- Task brief:
Reproduce exactly the line that contains "Pochette Summer Athletics" and every line after it through the end of the records below, leaving out all pictures.

Excerpts from a dataset:
►
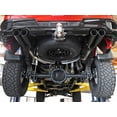 thumbnail image 2 of aFe Vulcan Series 3in 304 SS Exhaust Cat-Back w/ Black Tips 2019 GM Silverado/Sierra 1500 V8-5.3L, 2 of 9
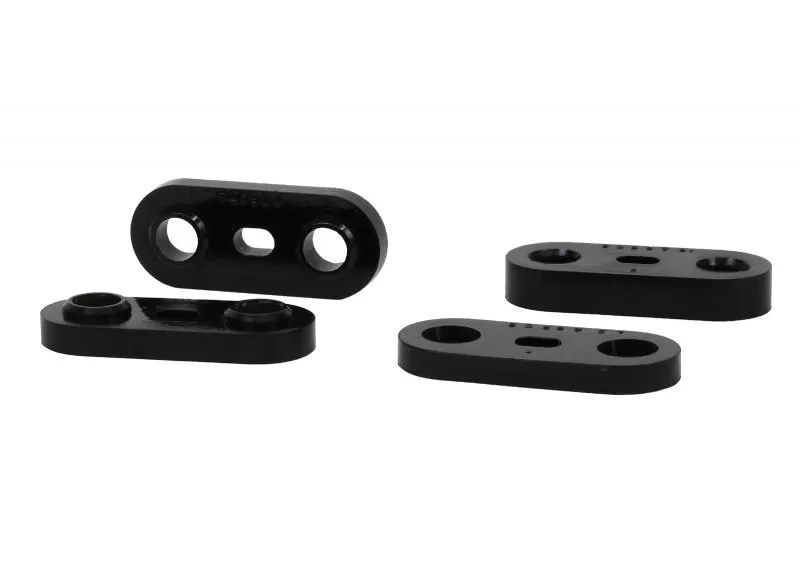 Whiteline Gearbox Crossmember Pad Bushing for Subaru Forester, Impreza, Legacy, WRX 2004-2023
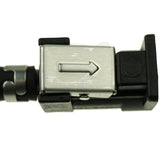 Maxbell Genuine for Yamaha Outboard Fuel Connector - 8mm Engine End (#6E5-24305-06) - Aladdin Shoppers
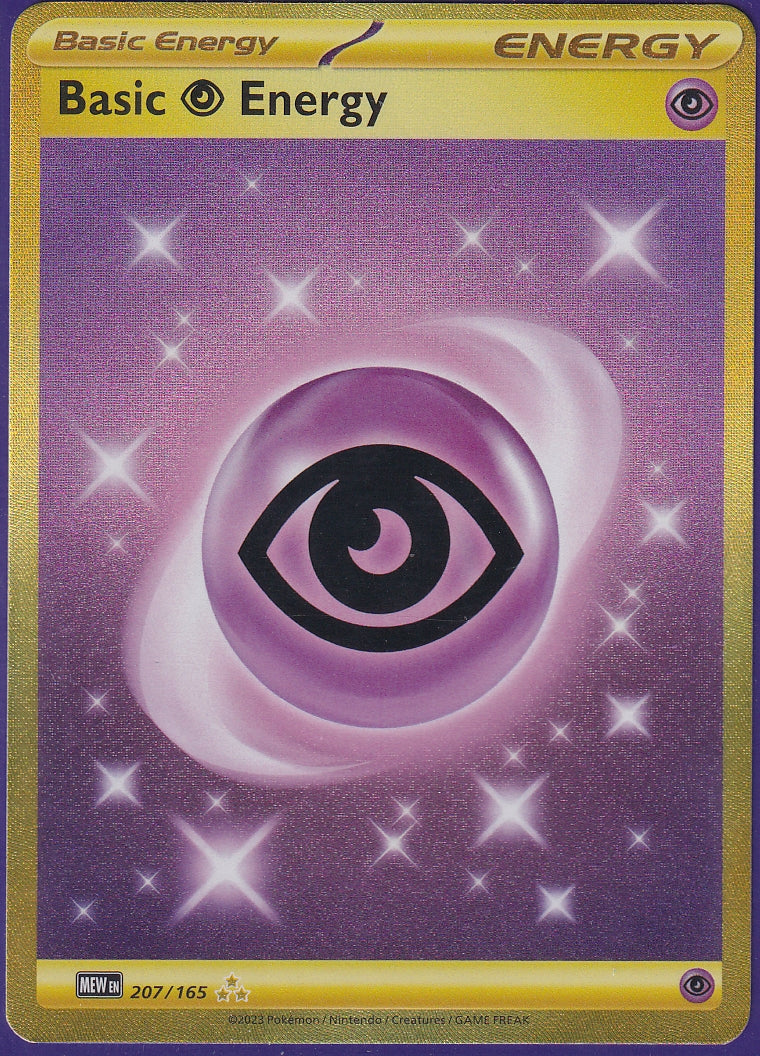 Energy
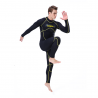 Natacióntraje de buceo de 3 mm - traje de baño completo de neopreno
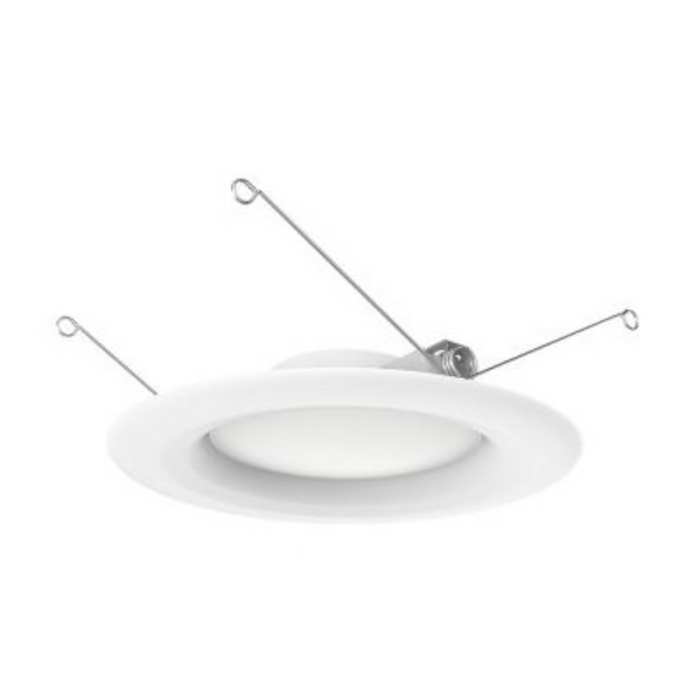 Satco S11641 5"/6" 9.2W LED Downlight Retrofit (Pack of 6)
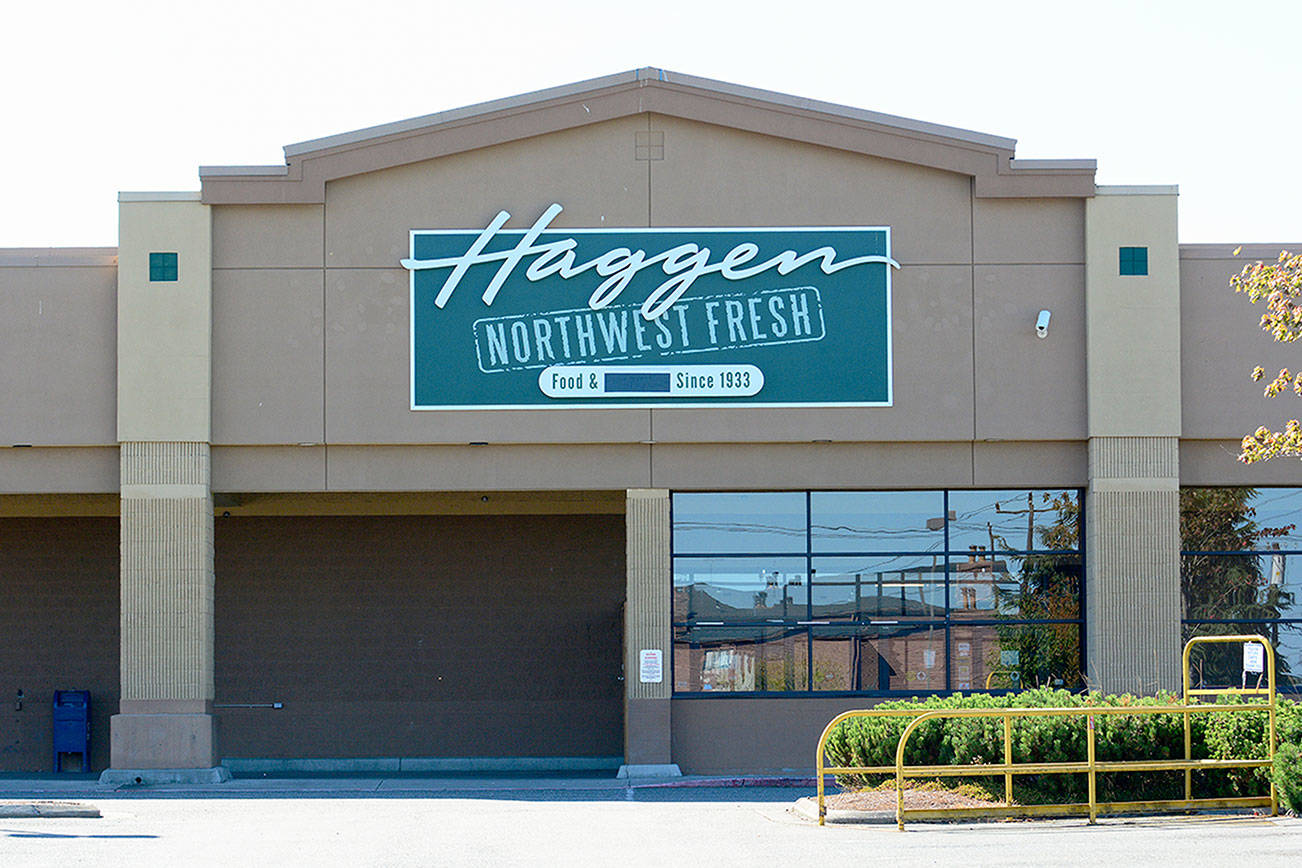 Saar’s owner buys Haggen building; plans Super Saver Foods by next spring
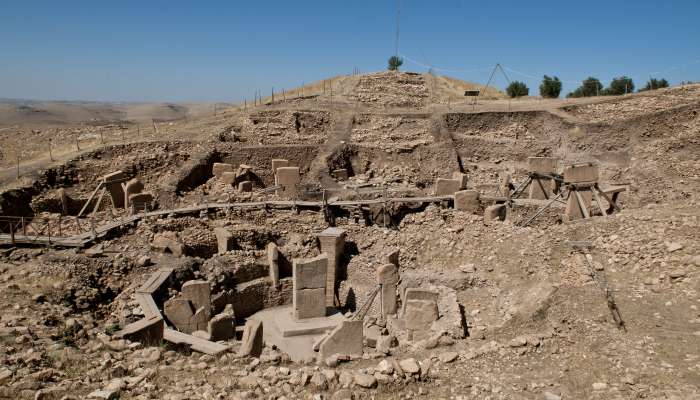 Göbekli Tepe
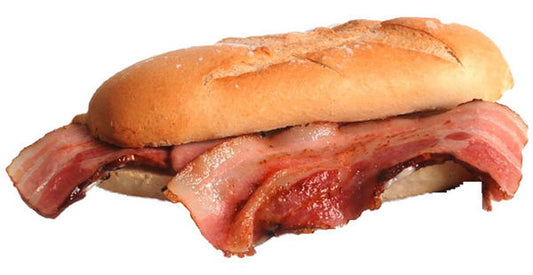 BOCADILLO BACON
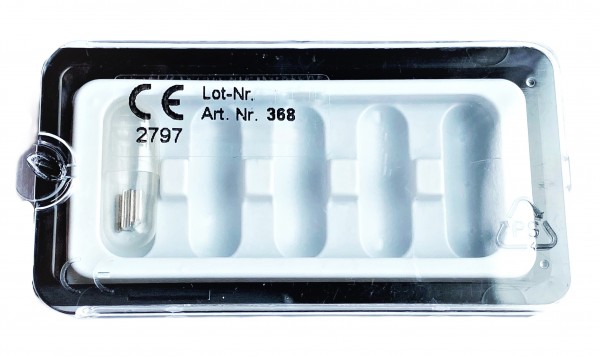 Duolock prospektiv Patrize (Pt/Ir) 368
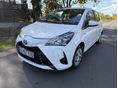 TOYOTA YARIS 2017/5 - 2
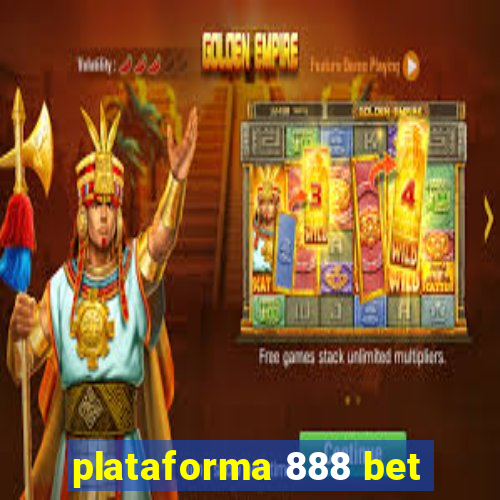 plataforma 888 bet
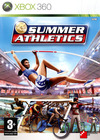 Pochette Summer Athletics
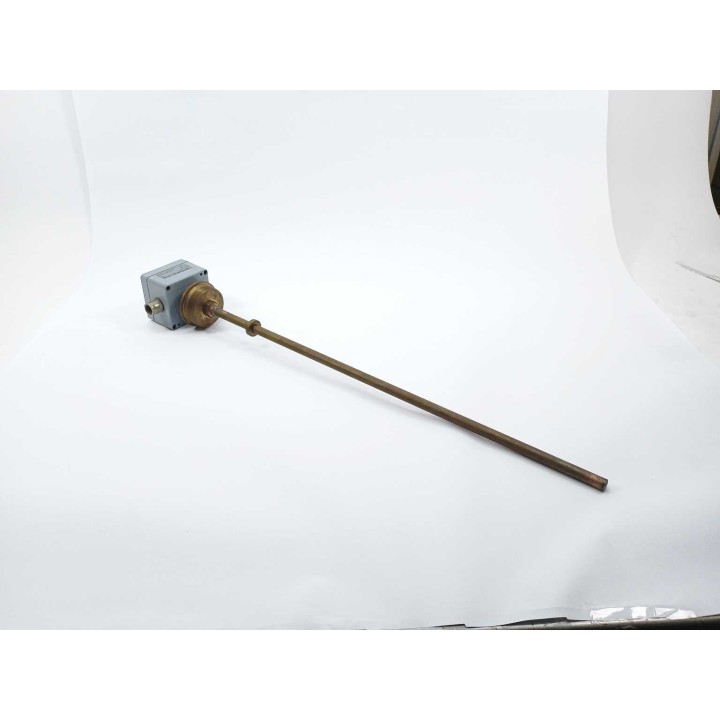 NIVEALMESSTECHNIK AG ALM 2 MSSS-L600-SV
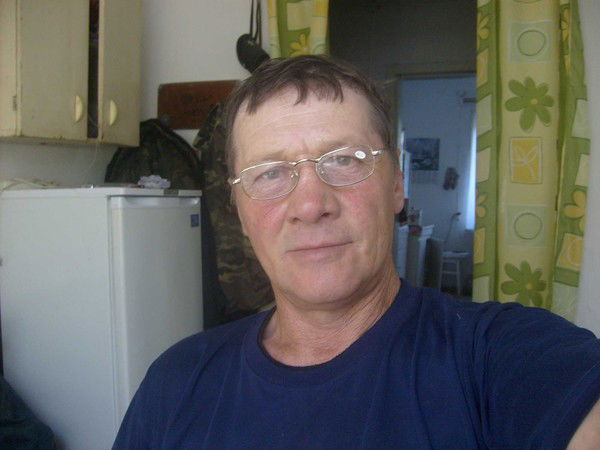 Владимир Черкашин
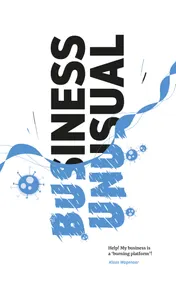 Omslag van Business Unusual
◄
- Your response:
 Pochette Summer Athletics
 NIVEALMESSTECHNIK AG ALM 2 MSSS-L600-SV
 Владимир Черкашин
 Omslag van Business Unusual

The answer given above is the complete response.